Der Wunsch nach den eigenen vier Wänden ist in Deutschland seit jeher weit verbreitet. Durch die im letzten Jahrzehnt stark angestiegenen Immobilienpreise, insbesondere in den Ballungszentren, ist der Traum für viele jedoch in weite Ferne gerückt. Gemessen am internationalen Durchschnitt ist der Anteil von Eigenheimbesitzern in Deutschland eher gering. Die Entscheidung einen großen Teil seines Nettovermögens in eine einzelne Immobilie zu investieren ist in der Regel eher eine Lifestyle als eine rationale Investmententscheidung, bei der Risiko und Rendite die Entscheidungsgrundlage bilden. Aber wie können Privatanleger, die tatsächlich in Immobilien als Asset investieren wollen, dies trotz der hohen Immobilienpreise bewerkstelligen, ohne ihr gesamtes Vermögen durch ein Direktinvestment in wenigen Objekten zu bündeln und somit ein hohes Klumpenrisiko einzugehen?

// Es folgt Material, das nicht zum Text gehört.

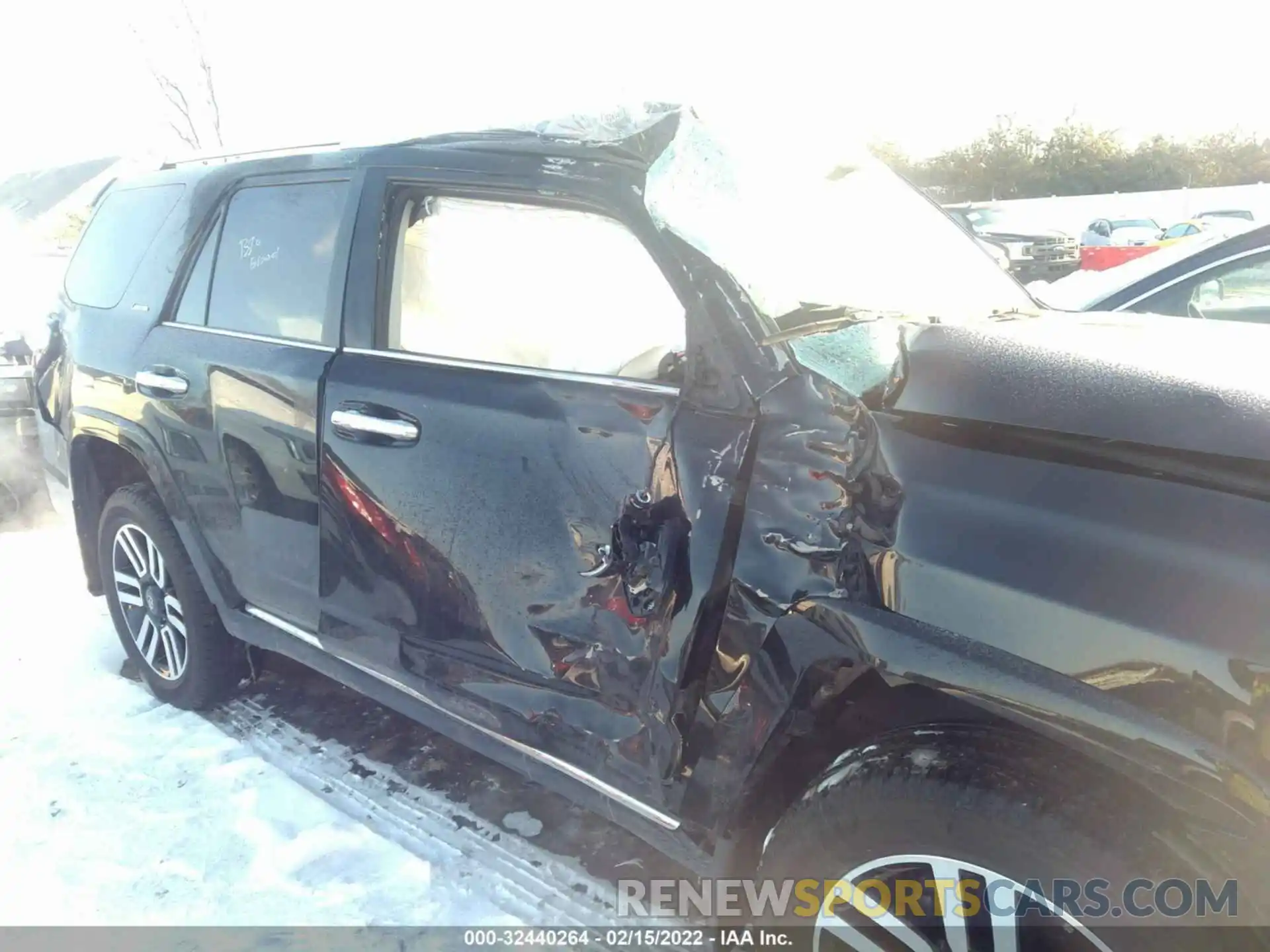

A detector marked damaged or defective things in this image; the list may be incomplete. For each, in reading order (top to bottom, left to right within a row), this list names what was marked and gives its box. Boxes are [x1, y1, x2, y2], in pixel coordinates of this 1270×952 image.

shattered window [386, 196, 683, 381] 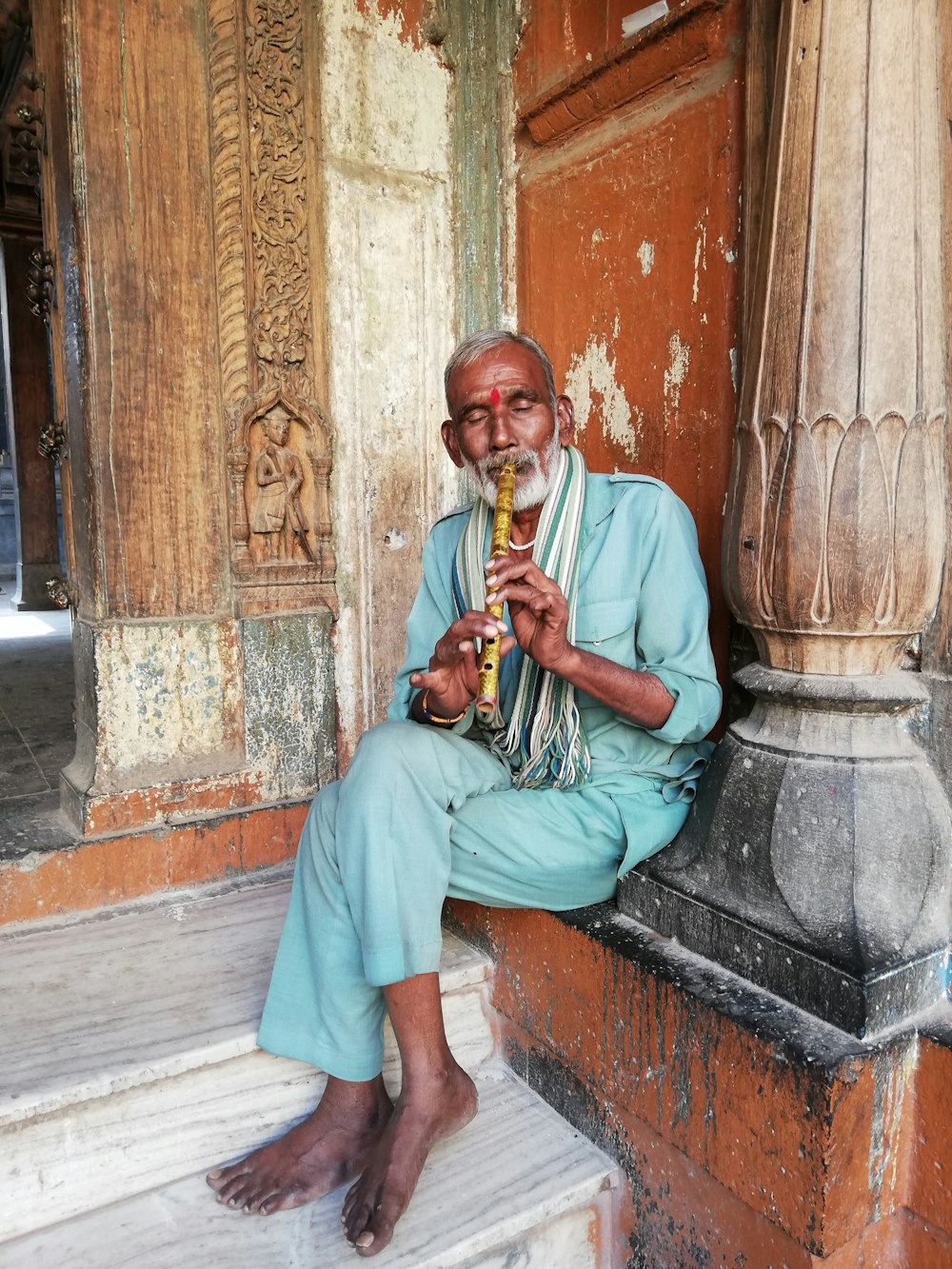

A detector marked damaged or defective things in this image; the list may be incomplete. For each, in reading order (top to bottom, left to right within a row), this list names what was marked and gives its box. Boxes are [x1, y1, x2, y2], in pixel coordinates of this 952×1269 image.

peeling paint on wall [564, 340, 645, 464] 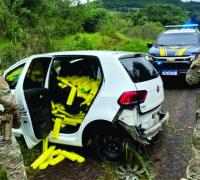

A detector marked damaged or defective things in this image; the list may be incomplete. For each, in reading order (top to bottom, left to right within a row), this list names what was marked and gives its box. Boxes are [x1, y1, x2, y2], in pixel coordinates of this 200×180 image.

crashed white car [2, 50, 169, 162]
damaged bumper [115, 109, 169, 145] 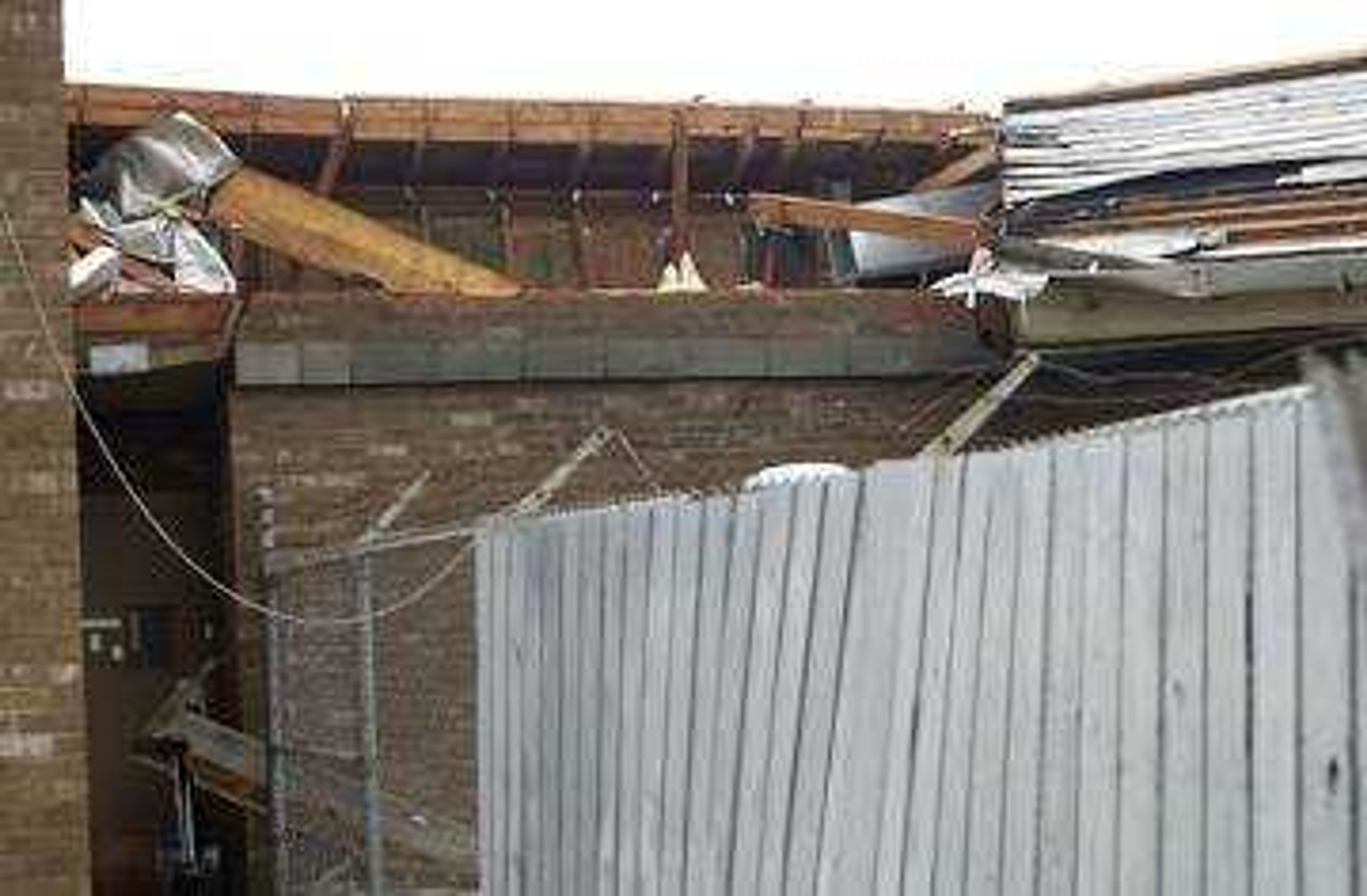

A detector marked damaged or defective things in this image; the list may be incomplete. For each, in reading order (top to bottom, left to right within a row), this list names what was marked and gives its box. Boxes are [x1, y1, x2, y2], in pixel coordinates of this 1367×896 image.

broken wooden beam [913, 143, 1000, 193]
broken wooden beam [205, 166, 519, 297]
broken wooden beam [743, 193, 990, 247] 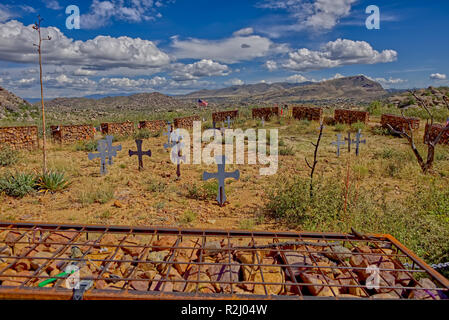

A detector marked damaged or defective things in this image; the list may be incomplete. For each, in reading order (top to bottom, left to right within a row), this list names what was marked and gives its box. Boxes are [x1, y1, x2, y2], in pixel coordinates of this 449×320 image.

rusted metal gate [0, 222, 446, 300] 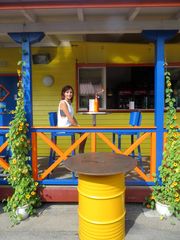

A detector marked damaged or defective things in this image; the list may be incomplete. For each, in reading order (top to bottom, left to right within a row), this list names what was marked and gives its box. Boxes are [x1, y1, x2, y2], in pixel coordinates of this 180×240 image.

rusty barrel lid [63, 152, 136, 176] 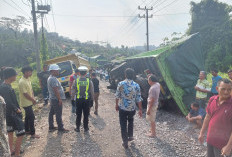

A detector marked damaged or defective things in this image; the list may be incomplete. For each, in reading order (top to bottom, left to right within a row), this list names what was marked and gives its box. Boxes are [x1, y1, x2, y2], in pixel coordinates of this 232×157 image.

overturned truck [108, 34, 203, 115] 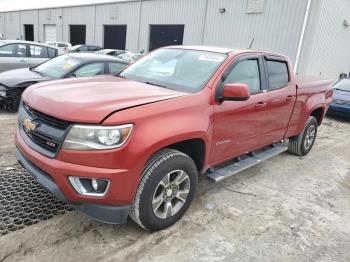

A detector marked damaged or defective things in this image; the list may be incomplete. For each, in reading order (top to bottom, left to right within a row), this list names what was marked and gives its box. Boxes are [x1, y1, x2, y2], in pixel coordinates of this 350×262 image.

dented hood [21, 75, 186, 123]
cracked headlight [62, 124, 133, 150] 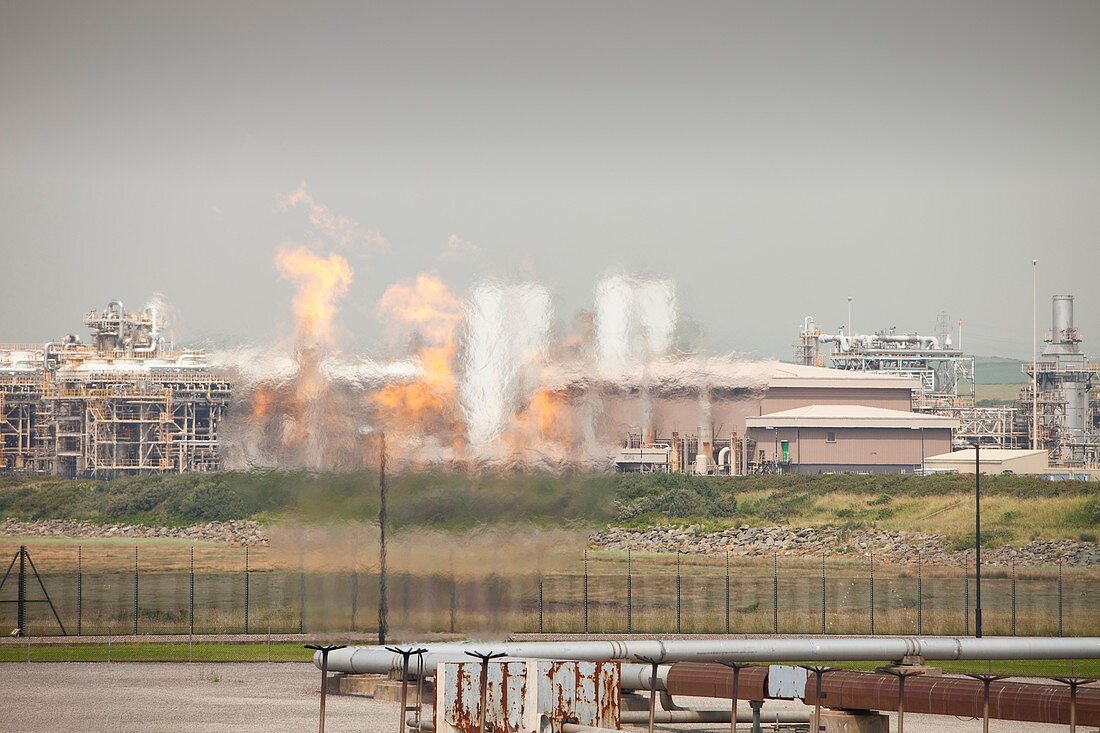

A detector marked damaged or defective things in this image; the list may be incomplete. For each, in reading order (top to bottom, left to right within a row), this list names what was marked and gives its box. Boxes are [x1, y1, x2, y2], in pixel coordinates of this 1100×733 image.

rusted metal panel [664, 660, 770, 699]
rusted metal panel [800, 669, 1100, 726]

Die wohl einfachste und transparenteste Lösung sind sogenannte Real-Estate-Investment-Trusts (REITs). Was REITs sind und wie man in diese mit ETFs kostengünstig und breit diversifiziert investieren kann, erfährst du in diesem Artikel. Des Weiteren werden wir uns anschauen wie die Rendite und Volatilität von REITs im Vergleich zum Gesamtaktienmarkt abschneiden und wie stark sie mit dem restlichen Aktienmarkt korrelieren.

Was sind REITs?

REIT ist ein englisches Akronym für Real-Estate-Investment-Trust. REITs kommen ursprünglich aus den USA und wurden in den 1960er Jahren entwickelt. Ziel war es eine transparente Immobilienanlage nach dem Vorbild von Aktienfonds zu schaffen, die auch Kleinanleger die Möglichkeit bietet in Immobilien zu investieren. REITs sind börsennotierte Aktiengesellschaften, die ihre Umsätze mit der Vermietung und Verpachtung eigener Immobilien und Grundstücke, mit Zinsgewinnen sowie mit Gewinnen bei der Veräußerung von Immobilien erzielen. Um ein Investment vorzunehmen, muss der Anleger Anteile des REITs an der Börse erwerben.

Eine der wichtigsten, universellen Eigenschaften von REITs im Vergleich zu traditionellen börsennotierten Immobilienunternehmen ist die Steuerbefreiung auf Unternehmensebene. Die Gewinne werden erst versteuert sobald sie als Dividende an die Anteilseigner ausgezahlt werden. Somit haben Anleger von REITs die gleiche Ausgangslage wie Direktinvestoren, die Immobilien direkt erworben haben und ebenfalls nur die Gewinne aus den Mieterträgen versteuern müssen.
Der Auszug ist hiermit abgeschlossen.